About this exercise
The reply must repeat the listing below exactly and carry none of its pictures.

*** Opening Data shown ***

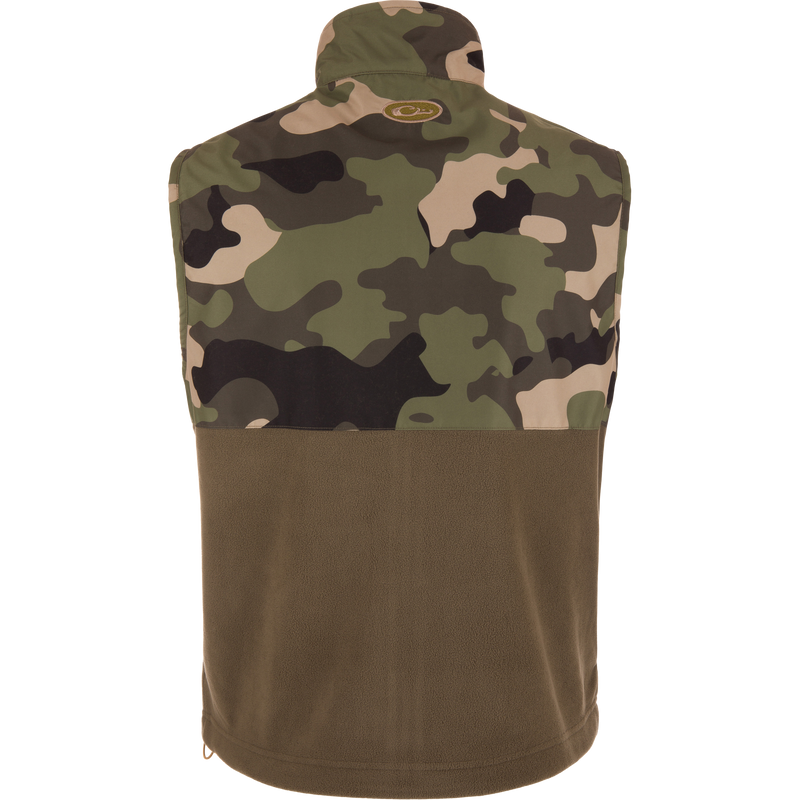 MST Eqwader Vest featuring a camouflage design, showcasing chest pockets and fleece lower body for insulation and breathability, ideal for hunting and outdoor activities.
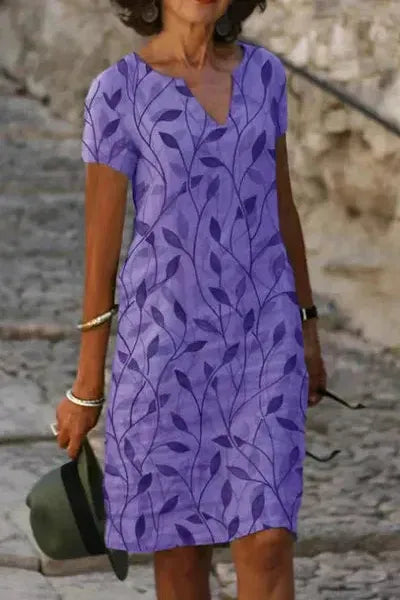 Versatile women's elegant midi dress with belt, suitable for office, parties, and special occasions.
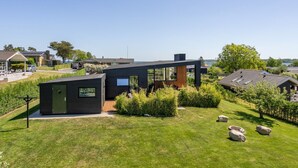 A modern house with a small detached garage, a well-maintained lawn, and a view of the surrounding neighborhood.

*** Closing Data shown ***

Response to the task
 MST Eqwader Vest featuring a camouflage design, showcasing chest pockets and fleece lower body for insulation and breathability, ideal for hunting and outdoor activities.
 Versatile women's elegant midi dress with belt, suitable for office, parties, and special occasions.
 A modern house with a small detached garage, a well-maintained lawn, and a view of the surrounding neighborhood.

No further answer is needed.